Motorcyclists blamed as road fatalities spiral to 1,127 since 2013
Motorcyclists pushing up road fatalities, says NRSCThursday, April 07, 2016
THE National Road Safety Council (NRSC) has pointed to the increasing number of motorcycles on the nation’s roads as the reason for the upsurge in crashes and fatalities across the island since 2013.
NRSC Vice-Chairman Dr Lucien Jones and his team yesterday met with chairman of the council, Prime Minister Andrew Holness, at Jamaica House to discuss this concern, among other issues.
"The people who ride motorcycles are not required to have a licence. They can get a permit and drive with that permit forever; (and) part of the problem is that people are driving and they cannot drive these motorcycles," Dr Jones stated during a session with journalists following the meeting.
Director of the NRSC Earl Jarrett pointed out, too, that a large number of bikes have been imported from China, and that it has in fact been found that the motorcycles with the highest number of crashes is a brand from that country. He said that, although these are entry-level and not speed bikes, people are speeding beyond the capacity of the vehicles and overtaking inappropriately, among other reckless behaviour that lead to crashes.
The parishes of Westmoreland, St Andrew, St Catherine, and St Elizabeth account for the most motorcycle crashes with the main age groups among the dead being 20- to 40-year-olds. According to the NRSC, the majority of them were not wearing helmets.
The council’s latest statistics show that 112 per cent more motorcyclists died in 2015 than in 2014, while there was a 15 per cent drop in the number of pedestrians killed over the same period.
"It is clear that there needs to be specific affirmative action to deal with the motorcycle crashes. The police say it’s difficult to catch them because they speed away. It’s an issue that we have to continue to focus on, if we want to reduce the levels of crashes," Dr Jones insisted.
He argued that one of the ways to stem the carnage is to "very quickly" pass the new Road Traffic Act. "What the new Road Traffic Act does is mandate that you will have to have a licence, you will have to have training, and you have to be regulated," he explained.
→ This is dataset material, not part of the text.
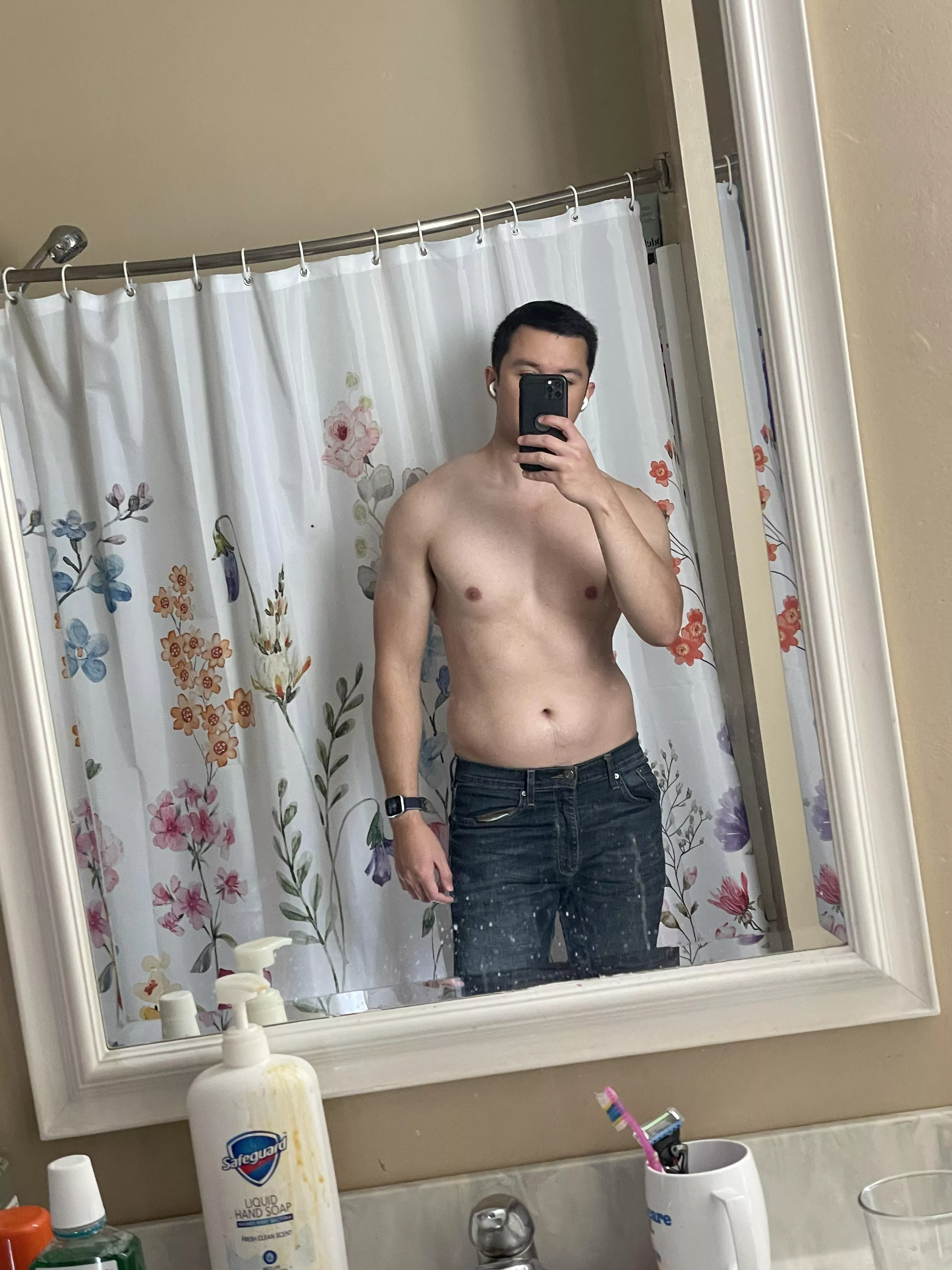 Happy Friday. . . wyd tonight?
Transport Minister Lester ‘Mike’ Henry did not give a specific timeline for the passage of the legislation, which has been before Parliament for several months now, but said that it is a priority and would be passed "as quickly as possible".
At the same time, Dr Jones pointed to a generally "very disturbing trend" in road fatalities over the past several years.
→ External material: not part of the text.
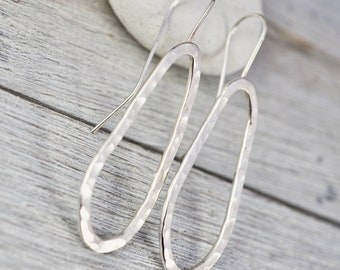 Sterling silver drop earrings | Organic teardrop hammered silver earrings | Handmade silver jewellery | Gift for her | Gift for wife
"In 1993, an average of 400 people were dying. The council was able to move the figure down to 260 in 2012, but ever since that time we have had an uptick in the number of persons who are dying on our roads… We are driving way too fast in this country, and because of that we are dying in great numbers," he said.
Dr Jones pointed out that between 2013 and Wednesday, 1,127 people had died in crashes. "Which is crazy! We cannot build a country and have this number of persons dying on our roads," he said.
On Tuesday night, two gas station pump attendants and a hotel worker perished in a two-vehicle collision on the northern coastal highway in Trelawny.
The deaths of 23-year-old Janice Brown of Wilson Run, 20-year-old Keno Edwards of Clark’s Town, and 41-year-old Dwight Sutton of Bounty Hall, all in Trelawny, brought the number of people who have perished on the nation’s roads since January to 111. This is up from 105 for the same period last year, and 96 in 2014.
"One of the things that we have noted is that just a little bit of caution could have saved the country the tragedy of losing three lives at one time," Dr Jones said.